Rueben Martinez, winner of the Innovator's Award at the L.A. Times Book Prizes

From those humble roots, the barbershop-cum-bookstore Libreria Martinez Books and Art Gallery became one of the largest purveyors of Spanish-language books in the country, as well as a center for literacy advocacy whose influence continues to ripple nationwide.

These were my tickets out of the copper mines,” says Rueben Martinez, sweeping his hand over the books stacked on the coffee table inside his small, sage-colored home.

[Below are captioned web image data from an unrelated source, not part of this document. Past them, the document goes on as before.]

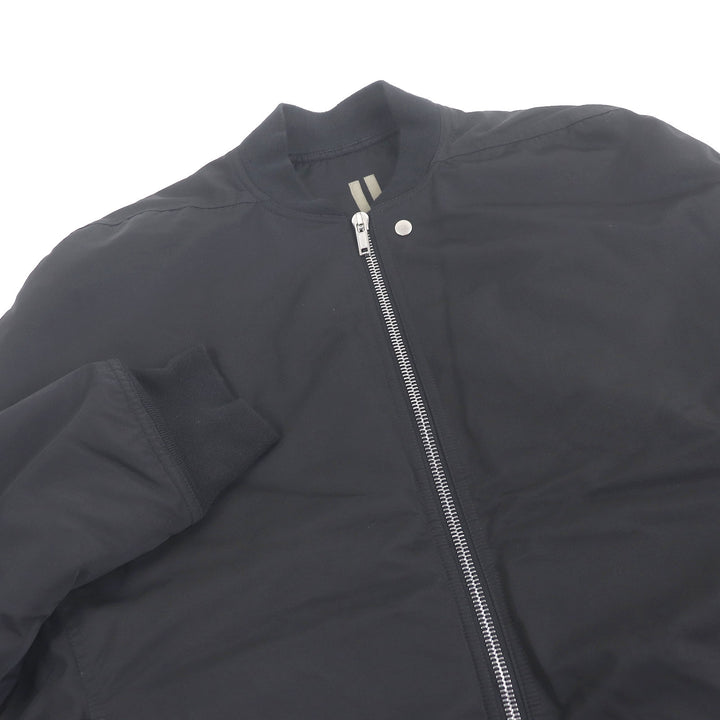 美品□RICK OWENS DRKSHDW リックオウエンス ダークシャドウ 22AW JUMBO FLIGHT 中綿 ボンバージャケット ブルゾン ブラック S メンズ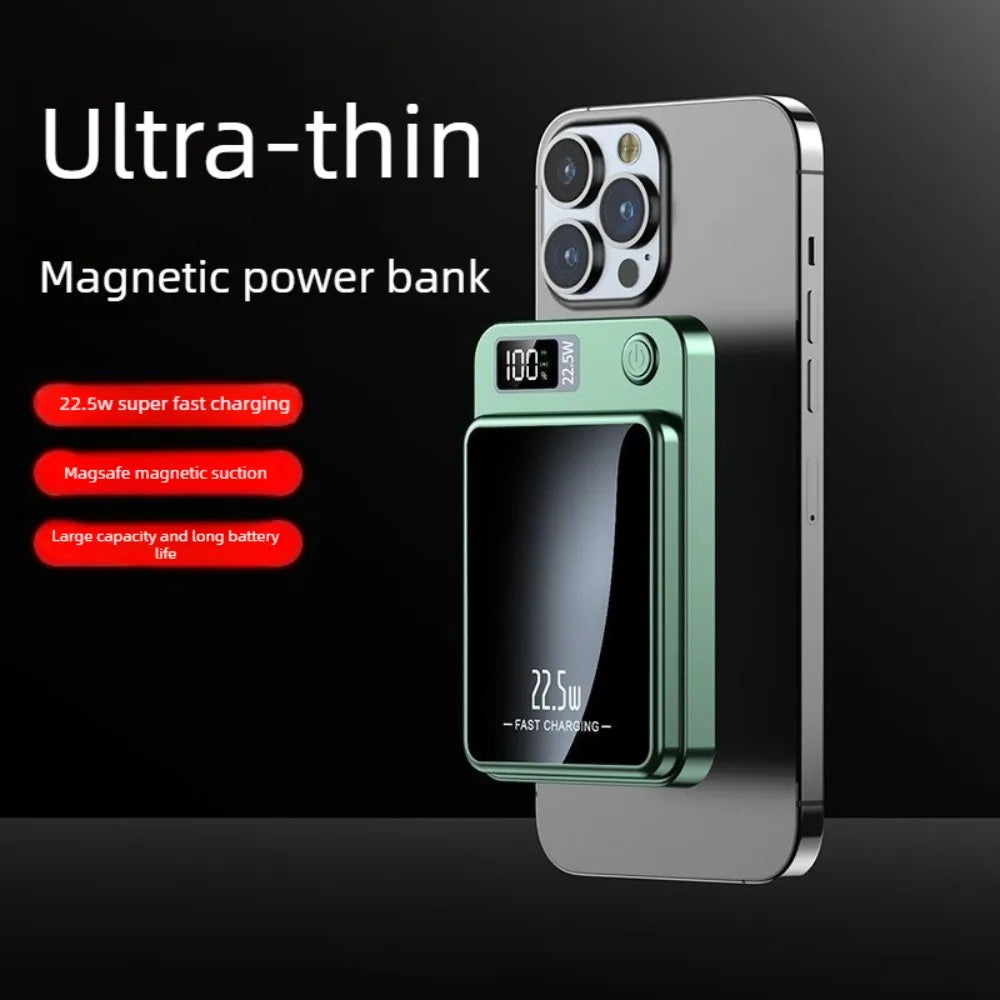 22.5W Magnetic Wireless Power Bank — 10,000/20,000mAh USB-C PD & QC with LED Display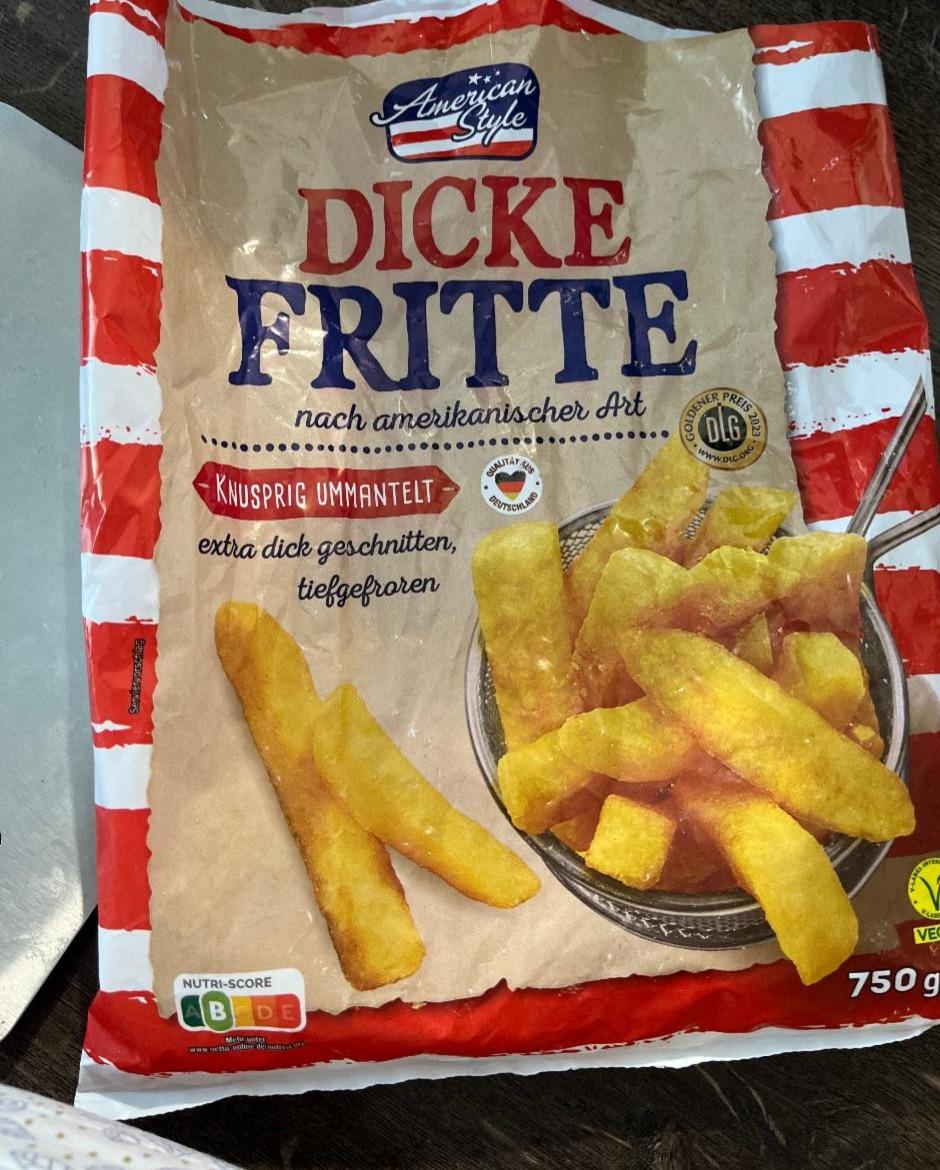 Fotografie - Dicke fritte American Style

A sign on the lawn announces, “This House is Celebrating its Centennial,” and shaded by two stately pepper trees, the craftsman could be a child’s drawing of the platonic home, complete with a pair of porch recliners and a cascade of purple wisteria tumbling from a trellis in the backyard. In the living room, to Martinez’s right, stands a neatly shelved low-boy bookcase containing titles by Mario Vargas Llosa and Miguel de Cervantes, and to his left, a tower of overflow teeters in the corner of the room, but it’s the tan leather barber’s chair, just a few feet away in Martinez’s office, that catches my attention first.

“I had a barbershop the size of these two rooms,” Martinez says, describing the now famous storefront to which he added one unlikely and transformative element: a single bookshelf.